Posted by Bryan Christian

[UPDATED] Full disclosure: I still get cracks from my longtime friends about a fairly pronounced string of Asian girlfriends in high school and college. (Ask Scanner Sarah. Yeah, don't.) In my defense, I was something of a nerd, which meant a) I didn't actually date that much, so it's a pretty small group of girls to extrapolate any meaning from, and b) I was hangin' with a more racially integrated bunch of kids in the honors classes since white people are mostly dummies. (Ha ha, I kid. Some of my best friends are white. Ha! See how it feels, Snowflake?)

Anyway, I bring this up only because what we're talking about here is not a young man growing up in a world where most of the girls who liked Depeche Mode too happened to be first-generation. No, we're talking about that one white guy friend of yours who, as an adult, has chosen to pass perfectly good white women over in favor of Japanese art students. Is it really his choice? Or is he maybe the victim here?

Why would we ask? Because buried in a recent Beautiful Mind-type "Economists Take On Speed-Dating" article in Slate, just near the end, one can find this hot, little shard of raw, uncut fact: 

We found no evidence of the stereotype of a white male preference for East Asian women. However, we also found that East Asian women did not discriminate against white men (only against black and Hispanic men). As a result, the white man-Asian woman pairing was the most common form of interracial dating—but because of the women's neutrality, not the men's pronounced preference.

Ya see?
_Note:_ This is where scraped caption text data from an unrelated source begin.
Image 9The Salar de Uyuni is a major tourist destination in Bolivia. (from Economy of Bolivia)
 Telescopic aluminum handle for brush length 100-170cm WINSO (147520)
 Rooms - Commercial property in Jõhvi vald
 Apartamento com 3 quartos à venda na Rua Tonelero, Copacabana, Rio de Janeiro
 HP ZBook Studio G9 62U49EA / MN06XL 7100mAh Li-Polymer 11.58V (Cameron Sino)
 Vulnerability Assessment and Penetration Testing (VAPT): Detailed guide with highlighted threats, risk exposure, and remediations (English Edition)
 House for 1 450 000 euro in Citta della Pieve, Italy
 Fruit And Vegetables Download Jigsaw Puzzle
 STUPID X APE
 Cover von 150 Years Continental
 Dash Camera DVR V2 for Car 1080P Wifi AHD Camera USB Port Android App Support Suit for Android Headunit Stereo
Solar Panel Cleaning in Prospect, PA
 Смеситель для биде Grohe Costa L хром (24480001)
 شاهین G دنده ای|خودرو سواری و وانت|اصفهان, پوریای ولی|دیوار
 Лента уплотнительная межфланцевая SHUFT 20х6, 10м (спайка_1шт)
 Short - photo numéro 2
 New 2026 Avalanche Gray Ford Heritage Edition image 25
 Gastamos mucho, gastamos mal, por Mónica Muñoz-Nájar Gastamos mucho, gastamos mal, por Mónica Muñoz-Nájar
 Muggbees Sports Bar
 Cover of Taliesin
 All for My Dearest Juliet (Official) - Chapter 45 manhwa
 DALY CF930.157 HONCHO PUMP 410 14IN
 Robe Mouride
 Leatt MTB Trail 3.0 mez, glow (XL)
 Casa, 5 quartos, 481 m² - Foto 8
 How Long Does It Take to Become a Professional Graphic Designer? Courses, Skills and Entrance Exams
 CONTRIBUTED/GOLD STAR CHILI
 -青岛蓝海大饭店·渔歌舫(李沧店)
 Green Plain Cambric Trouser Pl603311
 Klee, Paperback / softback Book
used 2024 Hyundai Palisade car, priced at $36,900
Your honky friend goes into dating with an open mind and finds himself beset by racist she-dragons! Can't argue with science, people.

Next up, a couple of biochemists figure out why female alcohol allergies must be constantly tested.

UPDATE: Nicolas Cage seems like he went through a phase like this, but there's no evidence that he actually did, so the original picture for this post has been replaced with someone who not only did so, but wrote, like, whole records about it. My deepest regrets for not having thought of the painfully obvious Rivers Cuomo first.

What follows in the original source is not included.